TECHNICAL
SERGEANT NORMAN S. ROSENBERG was born in New York in 1919. He had
attended three years of college and was residing in Atlantic County NJ
when drafted. He was inducted at Fort Dix NJ on April2, 1942. Norman
Rosenberg was unmarried at that time.
Qualifying
for flight duty, Norman Rosenberg became a member of a B-17 bomber air
crew. Trained as a radio operator and assigned to the 334th Bomber
Squadron, 95th Bomb Group,
Technical Sergeant Rosenberg perished during a raid on Berlin in a
Lockheed/Vega B-17G-5-VE "Flying Fortress" #42-39924,
nicknamed TORNADO and piloted by 2nd Lieutenant William Sheehan on 24th
May 1944 along with 7 other men.

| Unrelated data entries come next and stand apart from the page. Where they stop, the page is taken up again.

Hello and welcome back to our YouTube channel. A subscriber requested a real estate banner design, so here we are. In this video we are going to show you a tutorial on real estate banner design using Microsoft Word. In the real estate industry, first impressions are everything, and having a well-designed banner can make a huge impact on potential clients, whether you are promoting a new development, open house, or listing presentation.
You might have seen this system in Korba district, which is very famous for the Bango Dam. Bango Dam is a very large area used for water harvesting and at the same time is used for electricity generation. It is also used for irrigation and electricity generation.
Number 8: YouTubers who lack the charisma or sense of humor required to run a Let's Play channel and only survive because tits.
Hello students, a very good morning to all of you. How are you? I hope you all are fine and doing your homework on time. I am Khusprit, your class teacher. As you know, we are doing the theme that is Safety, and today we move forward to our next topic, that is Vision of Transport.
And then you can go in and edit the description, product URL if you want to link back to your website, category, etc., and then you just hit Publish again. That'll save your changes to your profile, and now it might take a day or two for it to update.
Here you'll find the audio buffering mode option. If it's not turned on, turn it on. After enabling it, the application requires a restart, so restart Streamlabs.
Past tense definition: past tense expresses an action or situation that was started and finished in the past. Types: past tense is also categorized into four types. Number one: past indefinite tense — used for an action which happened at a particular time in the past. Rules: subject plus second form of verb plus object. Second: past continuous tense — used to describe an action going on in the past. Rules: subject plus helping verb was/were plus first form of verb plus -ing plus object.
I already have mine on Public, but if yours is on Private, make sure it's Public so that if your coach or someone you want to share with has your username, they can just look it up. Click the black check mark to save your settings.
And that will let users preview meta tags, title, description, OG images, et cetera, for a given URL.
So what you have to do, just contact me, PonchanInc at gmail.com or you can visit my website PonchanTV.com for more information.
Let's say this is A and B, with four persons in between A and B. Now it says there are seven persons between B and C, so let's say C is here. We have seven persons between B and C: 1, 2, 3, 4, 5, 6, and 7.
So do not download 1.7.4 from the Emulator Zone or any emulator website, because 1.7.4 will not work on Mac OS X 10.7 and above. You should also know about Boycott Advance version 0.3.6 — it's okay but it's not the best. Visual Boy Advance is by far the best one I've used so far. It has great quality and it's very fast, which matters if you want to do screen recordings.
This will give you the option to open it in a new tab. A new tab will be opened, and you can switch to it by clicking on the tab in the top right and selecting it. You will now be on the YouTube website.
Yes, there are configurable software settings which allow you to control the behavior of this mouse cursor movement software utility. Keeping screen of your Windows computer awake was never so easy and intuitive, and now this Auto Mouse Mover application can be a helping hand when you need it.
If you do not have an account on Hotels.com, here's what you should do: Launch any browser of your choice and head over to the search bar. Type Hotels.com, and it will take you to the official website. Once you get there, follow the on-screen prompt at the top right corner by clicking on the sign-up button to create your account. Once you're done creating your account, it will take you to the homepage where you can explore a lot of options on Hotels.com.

Six other aircraft of the twenty-two
that took off that day from his unit were damaged during the raid. His
was the only one lost, however. The 95th Bomb Group (H) achieved fame as
the first unit to strike Berlin in a daylight raid, on March 6, 1944.
He
was brought home after the war and is buried, along with Lieutenant
Sheehan and two other members of his crew and 9 members of another crew,
at Arlington National Cemetery in Arlington VA.